Giroux, couv L’œuvre de Roger Giroux, né en 1925 et mort en 1974, ne comporte que quelques rares titres parmi lesquels L’Arbre le temps, Voici, Théâtre, S, Et je m’épuise d’être là…, L’Autre temps. Son travail exemplaire, radical et foudroyant, s’efforce de refonder la poésie dans la proximité du contre : contre-chant, contre-images, contre-message, contre-vers, contre-sens, contre-silence. Les éditions Eric Pesty publient une nouvelle édition du manuscrit de Journal du poème, paru une première fois en 1986 chez Unes. Cette fois, le travail éditorial sur ce texte, dirigé par Jean Daive, se veut exemplairement fidèle au cahier retrouvé dans les papiers de Roger Giroux après sa mort. Au cours d’une belle et nécessaire préface intitulée « Dire/à ce qui est absent », Jean Daive revient sur quelques éléments de la vie de Roger Giroux qui éclairent la forme et la visée de ce Journal : la perte d’un frère aîné, le deuil impossible des parents, la sévérité d’une mère interdisant au père et au fils toute lecture, le mariage avec une jeune femme antillaise — « femme, de chair, privée de neige, donc noire, muette, le long de laquelle se tiendront les livres à venir » — qui fait de Roger Giroux le beau-frère d’Édouard Glissant. Jean Daive montre comment ce texte s’efforce de répondre à une situation de silence en éprouvant le travail de l’absence au sein de la langue, et souligne quelques-uns des aspects majeurs de l’art poétique ici conduit : le poème, sans date, est toujours à venir, poussé par le temps, autrement dit intuition, pressentiment, prémonition. Il ruine la réalité en atteignant l’irréel, sous la forme d’une Vénus noire, autre nom pour la femme aimée, participant à la fois du secret, de l’abstraction et de l’image.  
 
Giroux, page Le texte ici reproduit dévoile comment le poète travaille la négation dans la page en l’inscrivant malgré tout dans un système de signes qui raconte, aussi, une histoire d’amour entre deux acteurs dénommés Donc et la lettre S — une femme. Émiettement des lettres, permutation des signes, croisement des silences, rapprochement et renversement typographique, suppression et réinvention d’une ponctuation, transcription d’une respiration et d’un souffle attenants, modélisations de l’abrupt et du précipice, affrontement d’un indicible : l’hypothèse d’un parole en prise avec l’improbable que la langue, dans tous ses états, ne renonce pas à « sculpter », creuse le mot jusqu’à l’arasement. Journal d’un Poème, suscité par l’écriture d’un autre texte intitulé Poème paru aux éditions Théâtre typographique en 2007 et déjà présenté par Jean Daive, doit donc être lu avec ses couleurs, ses biffures, ses ajouts, ses dessins, ses croquis, ses esquisses, qui instituent un nouveau code, une vérité des signes théâtralisée sur la page, drame (re)joué dans l’espace d’un livre que cette édition extrêmement soignée permet de visualiser et d’imaginer à partir d’une restitution fidèle du manuscrit original. Nous regardons « de l’écriture en train de se faire. Sans recherche ‘littéraire’. Sans autre regard que, à travers le mien, celui de l’écrit absolu qu’intitule le mot Poème. » La réalisation de cet objet passionnant, véritable trésor littéraire, permet au lecteur d’entrer au cœur d’un travail sur la langue et sur le souffle qui n’est pas sans rappeler les questions posées par Mallarmé dans Igitur : « Éminemment », explique la notice éditoriale, « Journal d’un Poème est une écriture qui progresse en se regardant écrire et se dépouille, par sténographie puis déclinaison de ses lettres-thèmes, jusqu’au silence de l’anonymat ».  

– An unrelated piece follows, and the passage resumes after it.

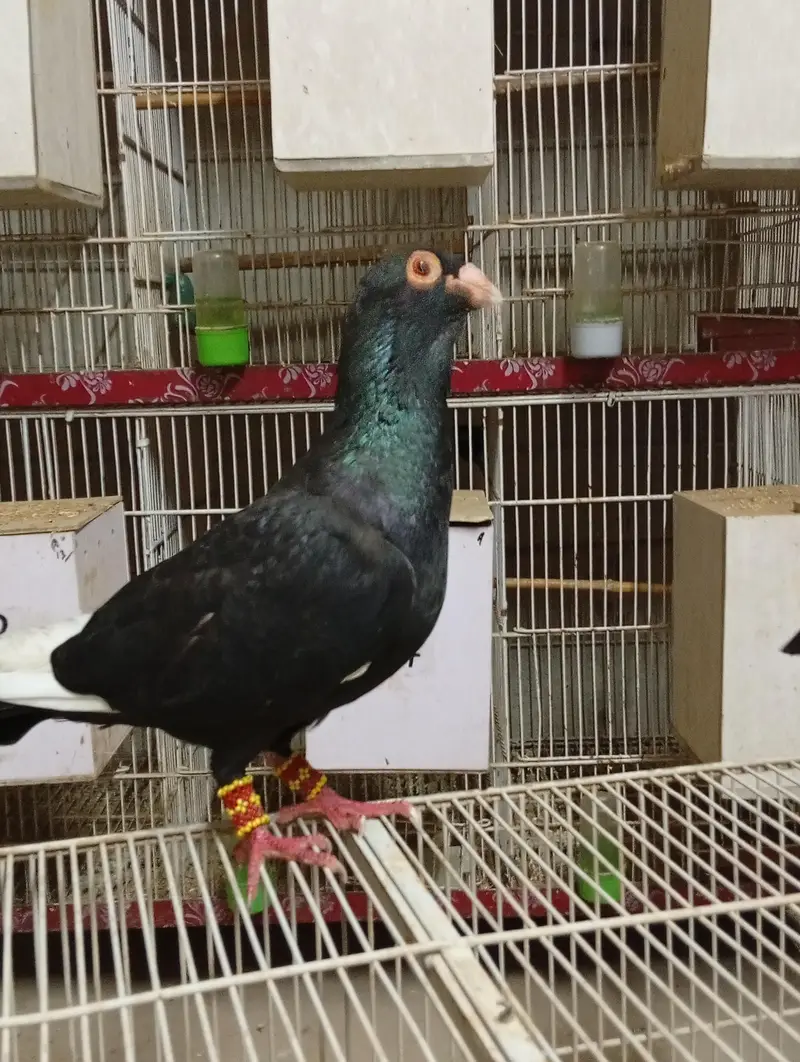 homers breeder pair — photo 6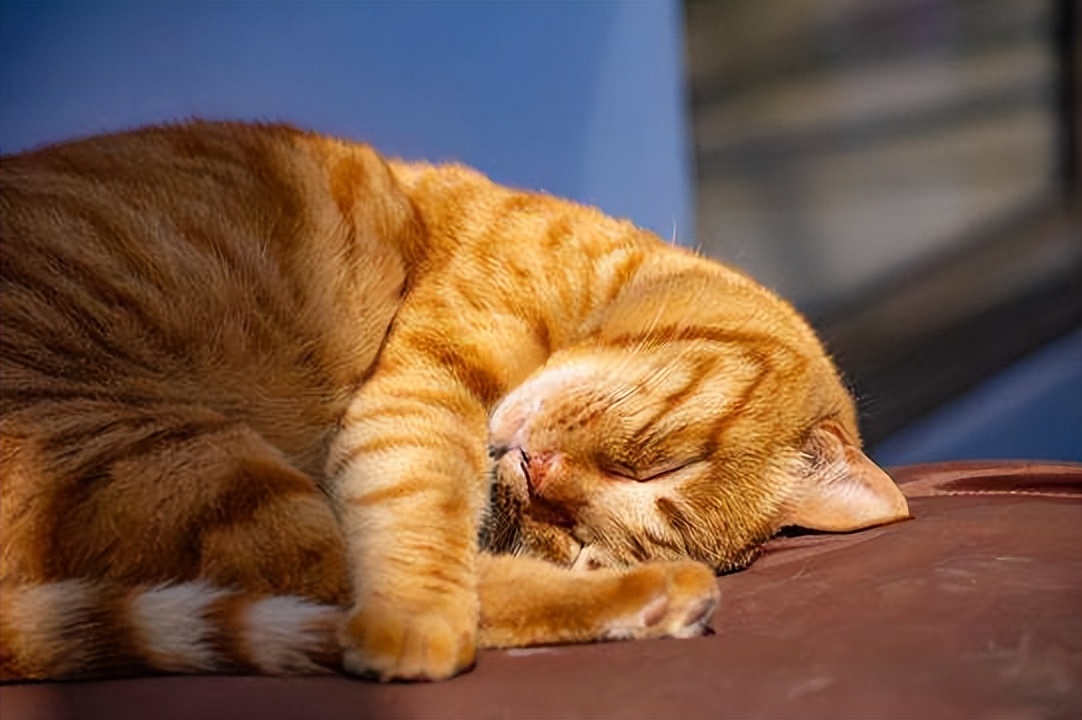 夏天预防猫咪中暑,天气太热了猫咪中暑了怎么办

Il est des rencontres insoutenables et nécessaires tant elles exigent la renonciation à tout équilibre intérieur. La lecture de ce Journal ouvre à une chute vertigineuse. Elle entraîne le sujet dans un espace-temps qui, conjointement, « me parle/me tait/me tue ». Taire, tuer, l’équivoque reste irrésolue. Elle se réfléchit et se dédouble, précisément lorsque le mot donne accès à la mort.